The major AHCA Award winners for 2004 have been announced. All of the following awards will be presented in Naples, FL, on Saturday, April 24, 2004:

JOHN MAC INNES AWARD: Established by AHCA in 1982 to honor former MTU coach, John MacInnes. This award recognizes those people who have shown a great concern for amateur hockey and youth programs. The recipients have had high winning percentages, as well as outstanding graduating percentages among their former players. The winners of this award have helped young men grow not only as hockey players, but more importantly, as men.

2004 Winner: Don Brose, Minnesota State Mankato

After spending more than 30 years at the helm of the Minnesota State University, Mankato men’s hockey program, head coach Don Brose retired at the conclusion of the 1999-00 season. Under the direction of Brose, the Mavericks went from a fledgling club program in the late 1960s to one of the nation’s top small-college programs, to membership in the Western Collegiate Hockey Association and NCAA Division I. Brose’s teams accumulated a 536-335-79 won-loss mark for a .606 winning percentage over 30 seasons.
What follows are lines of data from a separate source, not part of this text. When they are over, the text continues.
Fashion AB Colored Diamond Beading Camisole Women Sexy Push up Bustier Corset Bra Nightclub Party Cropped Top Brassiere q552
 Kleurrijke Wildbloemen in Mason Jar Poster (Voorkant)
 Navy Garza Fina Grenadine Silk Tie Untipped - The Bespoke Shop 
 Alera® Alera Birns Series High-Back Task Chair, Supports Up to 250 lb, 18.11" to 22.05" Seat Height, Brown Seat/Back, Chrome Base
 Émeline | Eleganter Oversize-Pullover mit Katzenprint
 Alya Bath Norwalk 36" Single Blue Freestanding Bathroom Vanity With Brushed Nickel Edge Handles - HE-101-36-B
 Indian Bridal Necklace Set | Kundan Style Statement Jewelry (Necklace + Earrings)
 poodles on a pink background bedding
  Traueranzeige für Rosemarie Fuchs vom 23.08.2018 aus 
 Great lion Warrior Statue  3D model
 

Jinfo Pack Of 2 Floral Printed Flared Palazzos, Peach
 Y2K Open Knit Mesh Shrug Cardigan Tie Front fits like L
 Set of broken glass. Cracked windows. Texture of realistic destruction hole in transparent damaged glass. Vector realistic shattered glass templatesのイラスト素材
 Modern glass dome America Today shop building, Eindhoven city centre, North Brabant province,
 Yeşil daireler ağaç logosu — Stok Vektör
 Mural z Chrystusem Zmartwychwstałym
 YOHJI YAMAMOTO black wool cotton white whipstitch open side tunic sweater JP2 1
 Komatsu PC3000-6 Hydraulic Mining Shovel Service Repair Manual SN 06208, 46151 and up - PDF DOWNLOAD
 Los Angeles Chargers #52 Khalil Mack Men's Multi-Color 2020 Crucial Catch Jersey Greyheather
During Brose’s tenure the Mavericks received invitations to the NCAA national tourney 11 times and in 1979-80 MSU reached the pinnacle of success when they captured the NCAA Division II national title. That team also set a school standard for most wins in a season with a 30-9-1 slate. In 1979 and 1991 MSU finished as the national runner-up; the 1978 and 1981 Mavericks took third, while the 1986 team placed fourth.

MSU players have earned All-American honors 31 times under the St. Louis Park, MN, native, and he himself was named the American Hockey Coaches Association (AHCA) “Coach of the Year” in 1979-80 and the NCHA “Coach of the Year” for the 1986-87 season. In 1997-98 Brose was named as one of ten finalists for the Spencer Penrose Award as the NCAA Division I Coach of the Year.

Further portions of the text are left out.